Data supplied section start

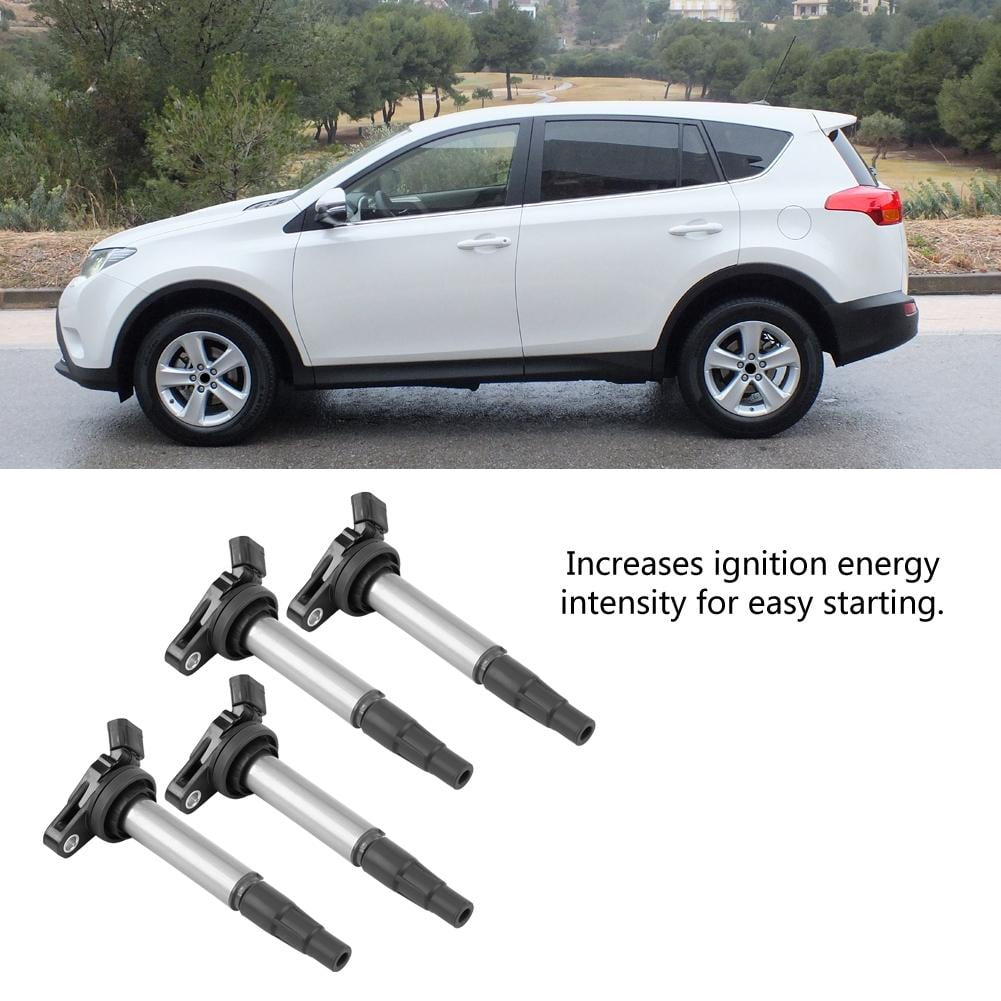 For Toyota Corolla Prius 1.8L L4 Ignition Coils C1714 UF596 UF619 SET OF 4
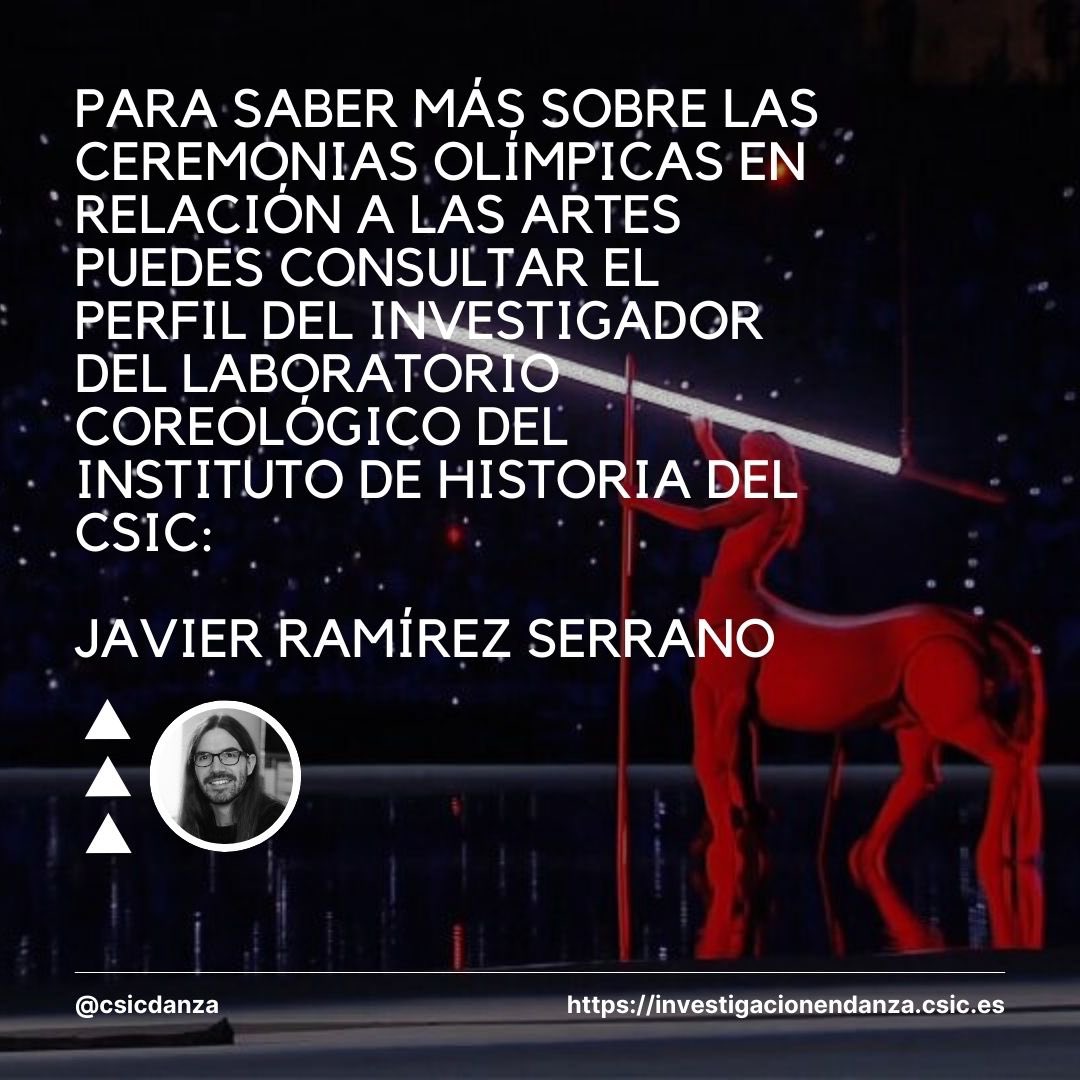 CSIC Danza tweet media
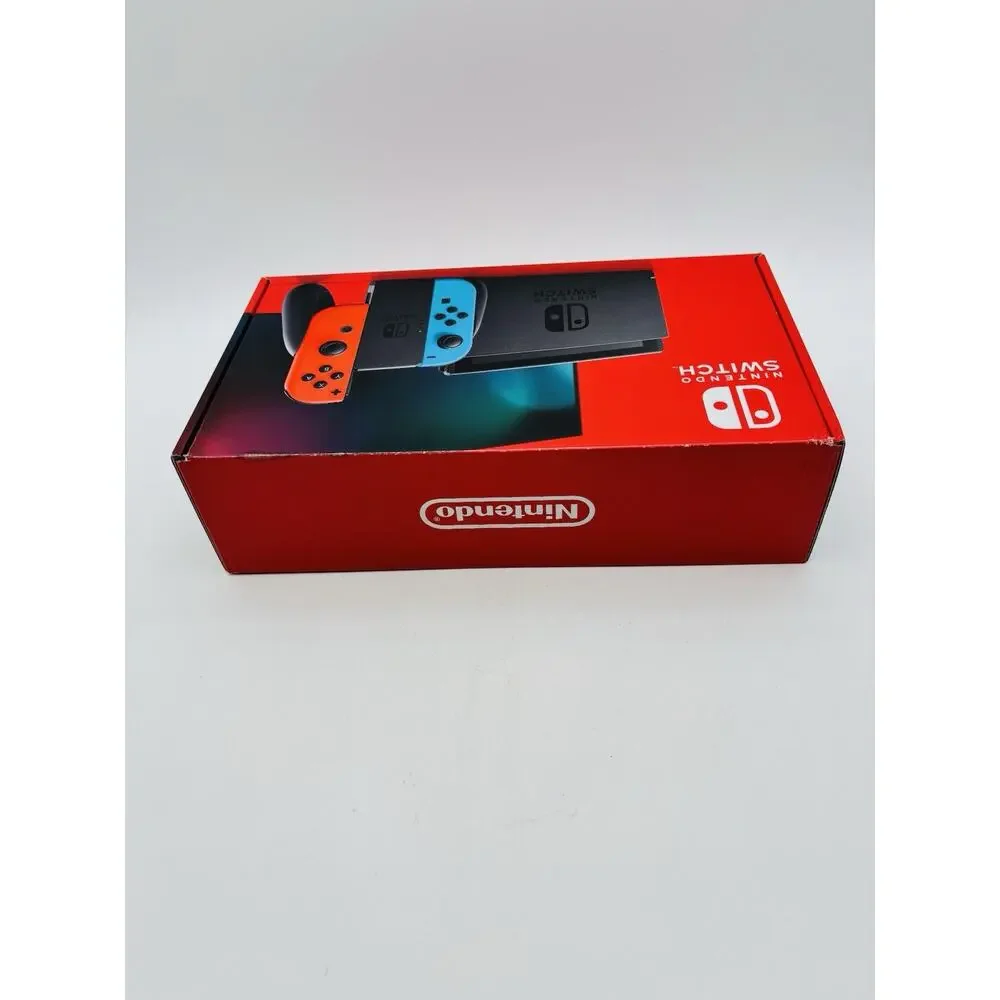 Nintendo Switch Console BOX ONLY Very Good Condition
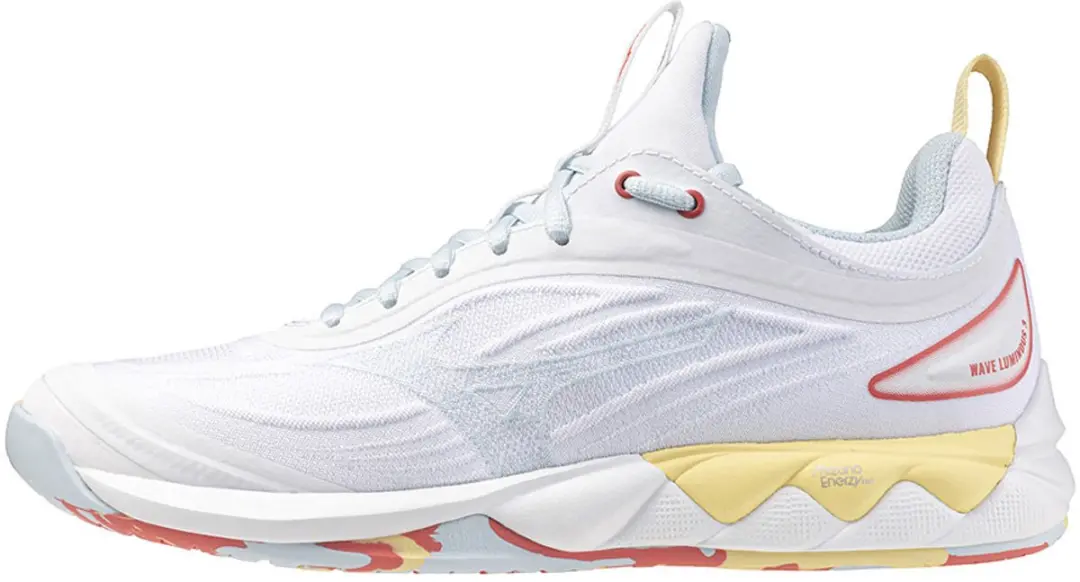 Mizuno Wave Luminous Indoorschoenen Dames 38 - Wit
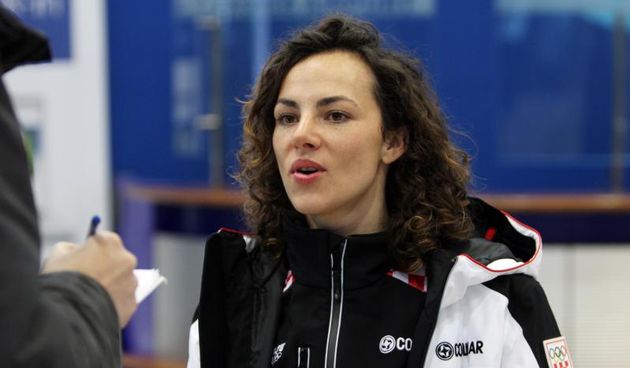 04.02.2014, Zracna luka Zagreb, Zagreb – Hrvatska olimpijska delegacija uputila se na 22. Zimske olimpijske igre, koje ce se od 7. do 23. veljace odrzati u Sociju. Photo: Goran Jakus/PIXSELL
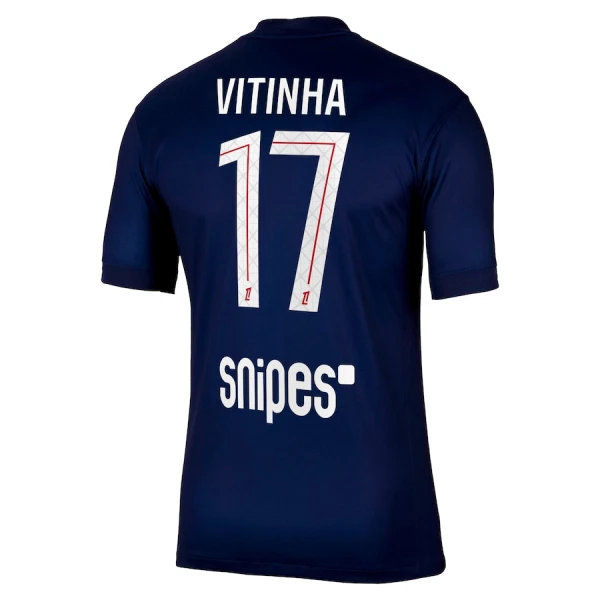 Paris Saint-Germain Vitinha 17 Hemmatröja 2025/26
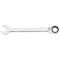 Cheie combinata cu clichet 19mm, TOPEX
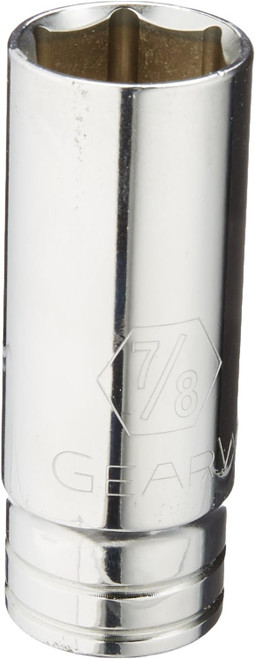 Gearwrench 1/2" Drive 6 Point Deep SAE Socket 7/8" (80620)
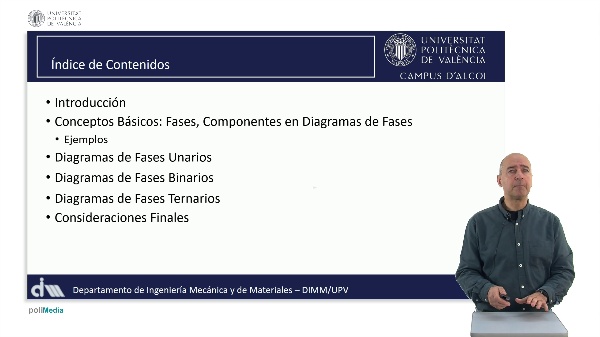 Introducci�n a los diagramas de fases en ingenier�a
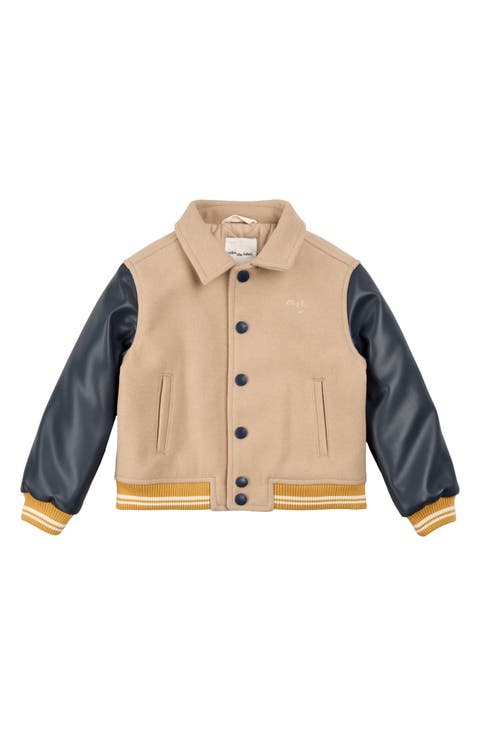 Kids' Sand Dune Varsity Jacket (Toddler & Little Kid)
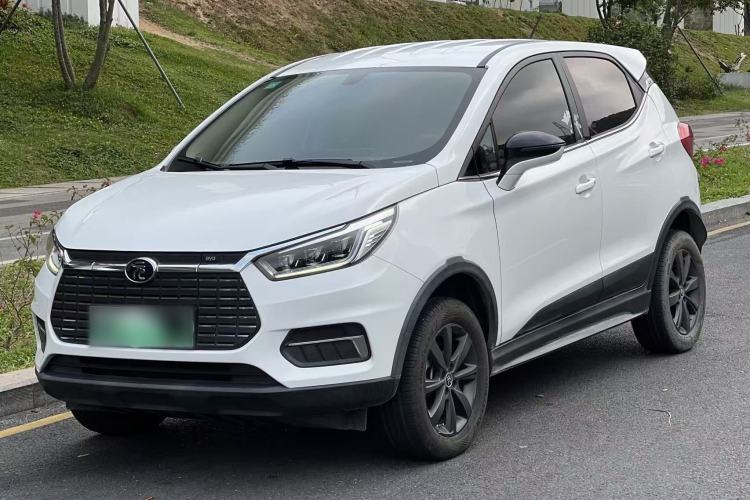 Used BYD Yuan New Energy 2019 EV535 Smart Connect Trendsetting Model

Data supplied section end

Repeat the lines exactly as they stand, from the opening line of the data through the line with "Mizuno Wave Luminous". Pictures stay out of the copy.

Completed exercise:
 For Toyota Corolla Prius 1.8L L4 Ignition Coils C1714 UF596 UF619 SET OF 4
 CSIC Danza tweet media
 Nintendo Switch Console BOX ONLY Very Good Condition
 Mizuno Wave Luminous Indoorschoenen Dames 38 - Wit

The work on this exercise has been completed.